Try it
Repeat exactly the lines below from the line that contains "Требуется сварщик-рихтовщик автомобилей" to the last line, inclusive, without the pictures.

Source material
——
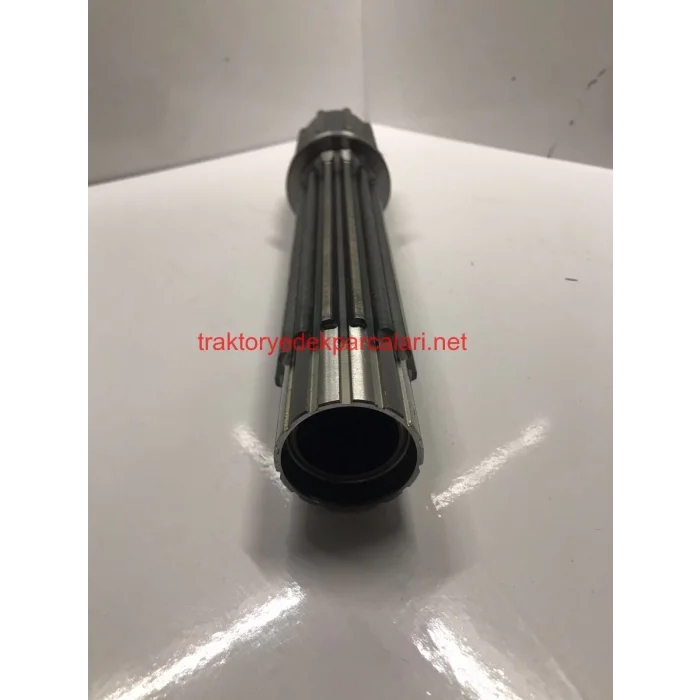 KAMALI MİL 450-480 FİAT TRAKTÖR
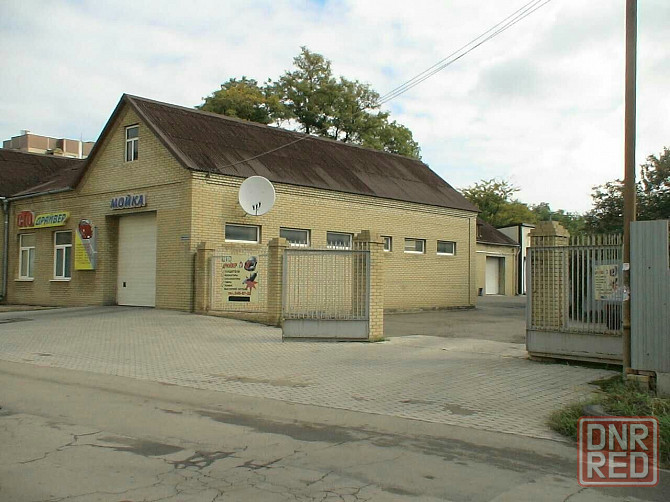 Требуется сварщик-рихтовщик автомобилей Донецк - изображение 2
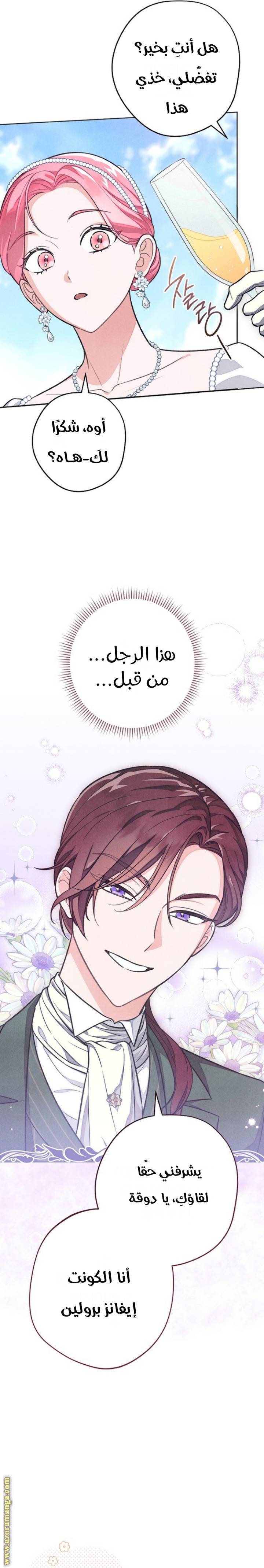 الصفحة 24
——
Solution for this problem
 Требуется сварщик-рихтовщик автомобилей Донецк - изображение 2
 الصفحة 24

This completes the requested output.